Oakland.pm

Reviews

Review of "Google Hacks"

by Tara Calishain & Rael Dornfest

reviewed by George Woolley


book cover image

Note:

  • Click on the image above to go to the O'Reilly catalog page for this book.

Recommendation

Very good.

If you use Google a lot and haven't mastered the capabilities involved (such as allowed by special syntaxes), likely you'll learn far more than enough from this book to justify the cost.
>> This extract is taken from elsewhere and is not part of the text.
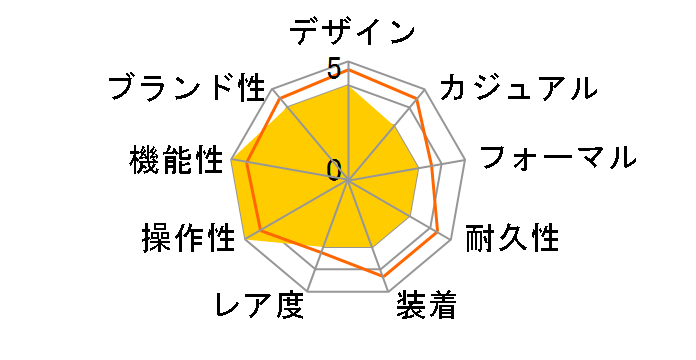 �G�f�B�t�B�X EQW-A1000DC-1AJF�̃��[�U�[���r���[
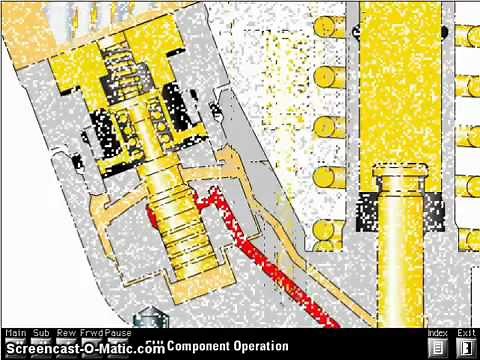 EUI Eletronic Unit Injector Component Operation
If you are a programmer and you are primarily interested in this book for what it can teach you about the Google Web API, this is likely a good book for you too. However, I suggest looking around for another review as I didn't use the API or write any programs based on this book. And/or you may wish to take a look at the table of contents and browse the book on Safari.

Chapter Titles

  • 1. Searching Google
  • 2. Google Special Services and Collections
  • 3. Third-Party Google Services
  • 4. Non-API Google Applications
  • 5. Introducing the Google Web API
  • 6. Google Web API Applications
  • 7. Google Pranks and Games
  • 8. The Webmaster Side of Google

Some Special Syntaxes on Google

  • filetype: (to search for hits with a specific file extension)
  • inurl: (to search for hits with something specific in the URL)
  • intitle: (to search for hits with something specific in the title)
  • phonebook: (to search for a phone number or the corresponding person or business)
  • site: (to search within a specified domain)

Notes:

  • The above are some of the special syntaxes you can use on Google.
  • There is an example of each of these special syntaxes in this review.

An Amusing Law

"Ninety percent of everything is crud." -- Sturgeon's Law.

Note:

  • included in the chapter that contains the webmaster hacks in the context of encouraging webmasters to develop good content.

Some Google Events

  • Sep. 1998: opens doors in Menlo Park, CA. (1)
  • ???? 1998: 10,000 queries a day (1).
  • Feb. 1999: .5 million queries a day. (1)
  • Mar. 1999: 71 million pages indexed in data base. (2)
  • June 1999: large infusion of venture capital. (1)
  • ???? 1999: 3 million queries a day. (1)
  • Sep. 1999: beta label comes off website. (1)
  • Jul. 2000: 355 million pages indexed in data base. (2)
  • Mar. 2002: 968 million pages indexed in data base (2)
  • Apr. 2002: offers Google Web API. (this book)
  • Dec. 2002: 3 billion pages indexed in data base. (2)
  • Feb. 2003: 250 million queries a day. (3)

Notes:

Contents

book cover image

Notes:

What's Google?

Well, most obviously, Google is a search engine for identifying web pages of interest.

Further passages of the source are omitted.